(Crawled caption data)
╔══

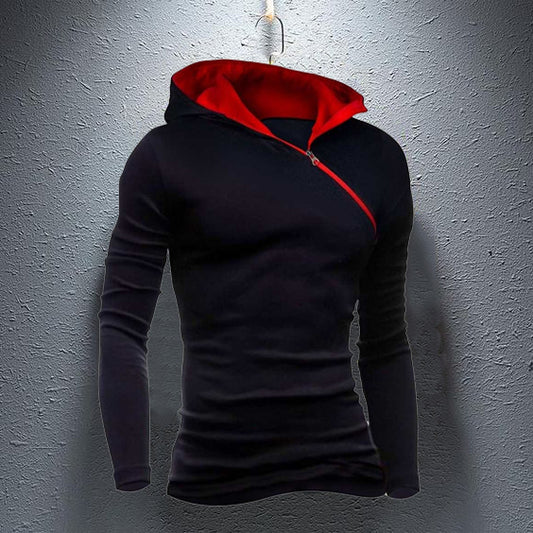 FairDealWorldShop Mens Casual Cotton Color Block Hoodies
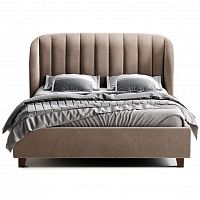 кровать двуспальная 180х200 бежево-розовая tulip в Сочи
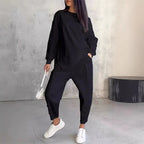 Softday Sweatshirt-Set in Schwarz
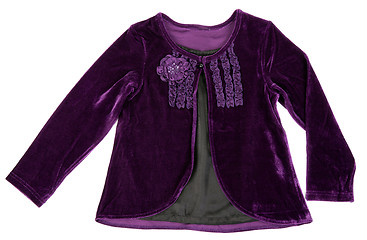 Image showing Purple blouse woman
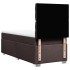 Cama box spring con colchón tela marrón oscuro 90x200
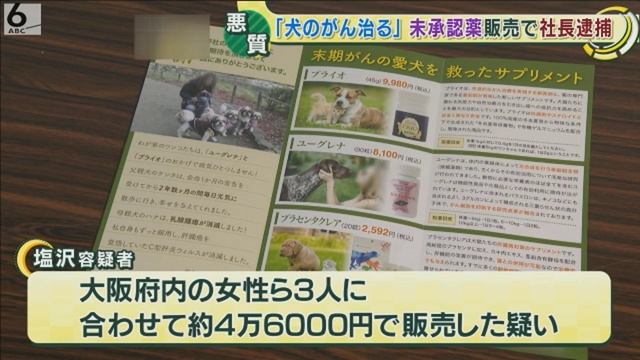 「犬のガン治る」とウソ　未承認薬販売でベストライフデザイン・塩澤由貴夫社長を逮捕 смотреть онлайн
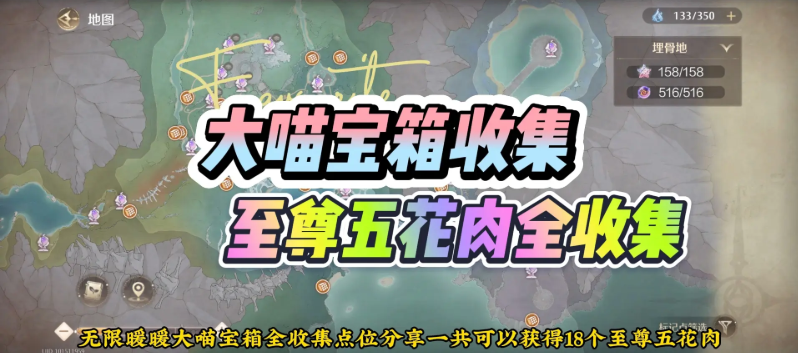无限暖暖至尊五花肉大喵宝箱点位大全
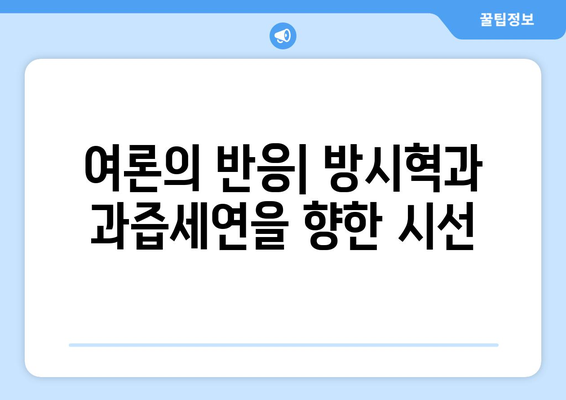 방시혁-과즙세연 논란의 시작과 끝: 유튜브 영상부터 공식 해명까지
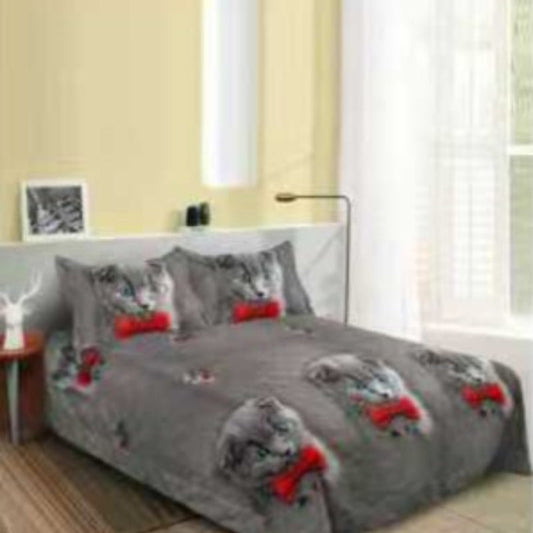 Спален комплект от 100% памук, двоен размер, 6 части с код Q2A-62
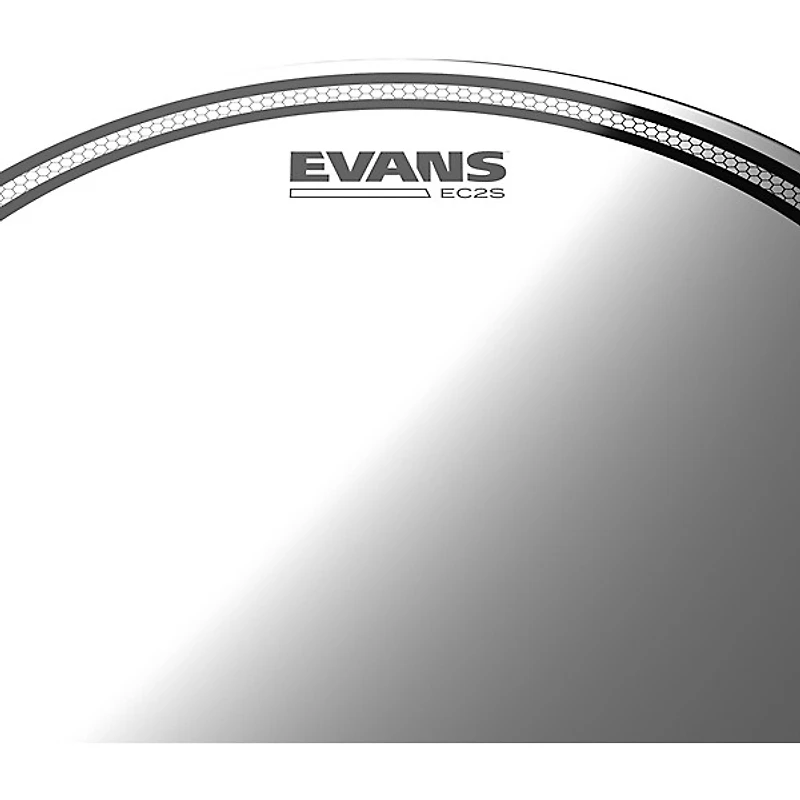 EVANS EC2S Clear Tom Heads With Free 14" HD Dry Snare Head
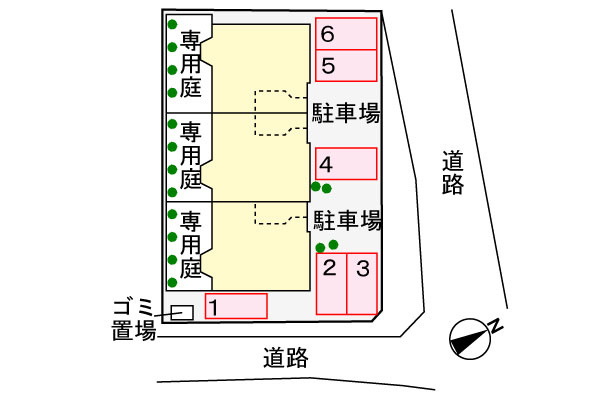 エーデル泉ヶ丘の駐車場|駐車場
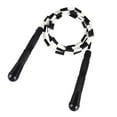 thumbnail image 2 of 1pc Skipping Rope Pvc Bamboo Joint Skipping Rope Sports and Exercise Supplies Workout Equipment (Black), 2 of 8
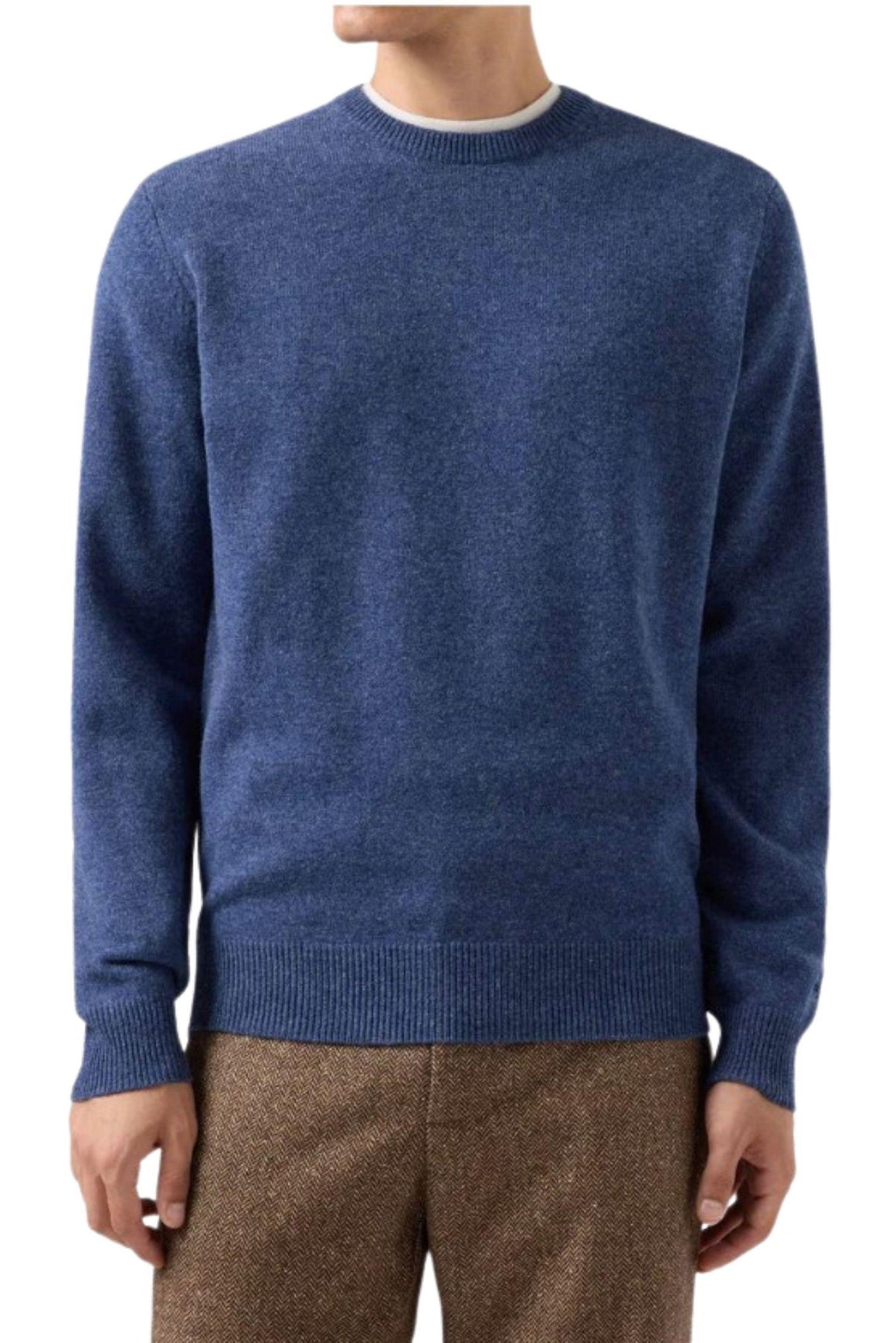  Mc2 Maglione Girocollo Regent Azzurro Denim Uomo - 2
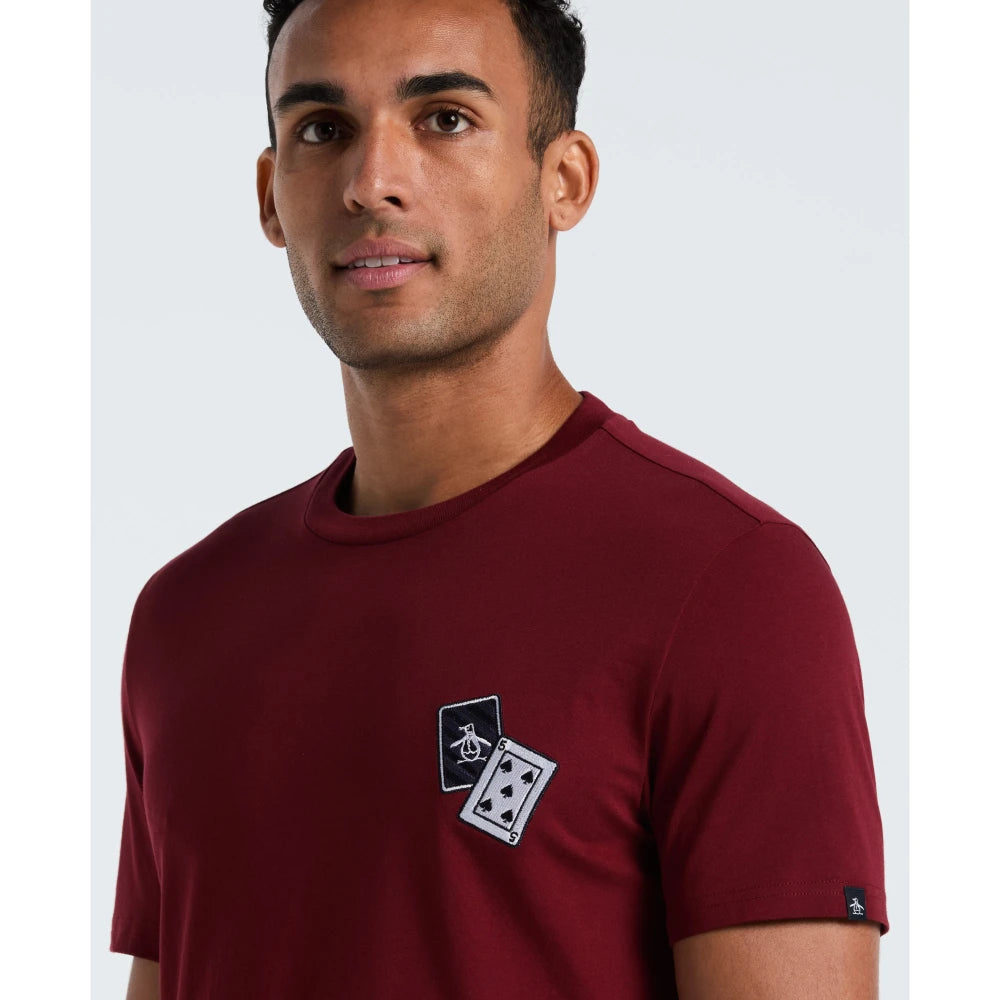 GK-F2555605 PLAYERA ESTAMPADA COLOR VINO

╚══

Leave out the images and copy every record above exactly.

-- Completed task --
 FairDealWorldShop Mens Casual Cotton Color Block Hoodies
 кровать двуспальная 180х200 бежево-розовая tulip в Сочи
 Softday Sweatshirt-Set in Schwarz
 Image showing Purple blouse woman
 Cama box spring con colchón tela marrón oscuro 90x200
 「犬のガン治る」とウソ　未承認薬販売でベストライフデザイン・塩澤由貴夫社長を逮捕 смотреть онлайн
无限暖暖至尊五花肉大喵宝箱点位大全
 방시혁-과즙세연 논란의 시작과 끝: 유튜브 영상부터 공식 해명까지
 Спален комплект от 100% памук, двоен размер, 6 части с код Q2A-62
 EVANS EC2S Clear Tom Heads With Free 14" HD Dry Snare Head
 エーデル泉ヶ丘の駐車場|駐車場
 thumbnail image 2 of 1pc Skipping Rope Pvc Bamboo Joint Skipping Rope Sports and Exercise Supplies Workout Equipment (Black), 2 of 8
  Mc2 Maglione Girocollo Regent Azzurro Denim Uomo - 2
 GK-F2555605 PLAYERA ESTAMPADA COLOR VINO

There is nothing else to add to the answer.